He studied
at the University of Glasgow and Trinity College, Cambridge, where
he graduated with honors in Classics (his dissertation would be
published years later as The Growth of Plato's Ideal Theory) and
remained a Classics Fellow all his life. He went on from Trinity
to study law at the Middle Temple and yet never practised. He was
four times elected to Trinity's Title Alpha Fellowship, and was
associated with the college for most of his life, except for a year,
1907-1908, spent at the University of Liverpool. He was knighted
in 1914. He was, if not blind, then severely visually impaired from
1930 on.
The
study of myth and religion became his areas of expertise. Except
for Italy and Greece, Frazer was not widely travelled. His prime
sources of data were ancient histories and questionnaires mailed
to missionaries and Imperial officials all over the globe. Frazer's
interest in social anthropology was aroused by reading E. B. Tylor's
Primitive Culture (1871) and encouraged by his friend, the biblical
scholar William Robertson Smith, who was linking the Old Testament
with early Hebrew folklore.
Frazer
was far from being the first to study religions dispassionately,
as a cultural phenomenon rather than from within theology. He
was though the first to detail the relations between myths and
rituals. His theories of totemism were superseded by Claude Lévi-Strauss
and his vision of the annual sacrifice of the Year King has not
been borne out by field studies.
His
generation's choice of Darwinian evolution as a social paradigm,
interpreted by Frazer as three rising stages of human progress
-- magic giving rise to religion, then culminating in science
-- has not proved valid. Yet The Golden Bough, his study of ancient
cults, rites, and myths, including their parallels with early
Christianity, arguably his greatest work, is still rifled by modern
mythographers for its detailed information. Notably, The Golden
Bough influenced René Girard; and led him to study anthropology
to develop his mimesis theory of the scapegoat.
The
work's influence spilled well over the conventional bounds of
academia, however; the symbolic cycle of life, death and rebirth
which Frazer divined behind myths of all pedigrees captivated
a whole generation of artists and poets. Perhaps the most notable
product of this fascination is T. S. Eliot's The Waste Land.
The
first edition, in two volumes, was published in 1890. The third
edition was finished in 1915 and ran to twelve volumes, with a
supplemental thirteenth volume added in 1936. He also published
a single volume abridgement, largely compiled by his wife Lady
Frazer, in 1922, with some controversial material removed from
the text.
Selected
works
1. Totemism (1887)
2. The Golden Bough: a Study in Magic and Religion, 1st edition
(1890)
3. Descriptions of Greece, by Pausanias (translation and commentary)
(1897)
4. The Golden Bough, 2nd edition (1900)
5. Psyche's Task (1909)
6. Totemism and Exogamy (1910)
7. The Golden Bough, 3rd edition (1906-15; 1936)

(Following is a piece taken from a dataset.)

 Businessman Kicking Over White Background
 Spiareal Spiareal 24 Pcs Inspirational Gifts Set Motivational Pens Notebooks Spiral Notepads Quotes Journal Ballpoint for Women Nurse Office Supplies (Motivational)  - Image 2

8. The Belief in Immortality and the Worship of the Dead, 3 volumes
(1913-24)
9. Folk-lore in the Old Testament (1918)
10. Apollodorus: the Library (1921)
11. The Worship of Nature (1926)
12. The Gorgon's Head and other Literary Pieces (1927)
13. Man, God, and Immortality (1927)
14. Devil's Advocate (1928)
15. Fasti, by Ovid (translation) (1929)
16. Myths of the Origin of Fire (1930)
17. The Growth of Plato's Ideal Theory (1930)
18. Garnered Sheaves (1931)
19. Condorcet on the Progress of the Human Mind (1933)
20. The Fear of the Dead in Primitive Religion (1933-36)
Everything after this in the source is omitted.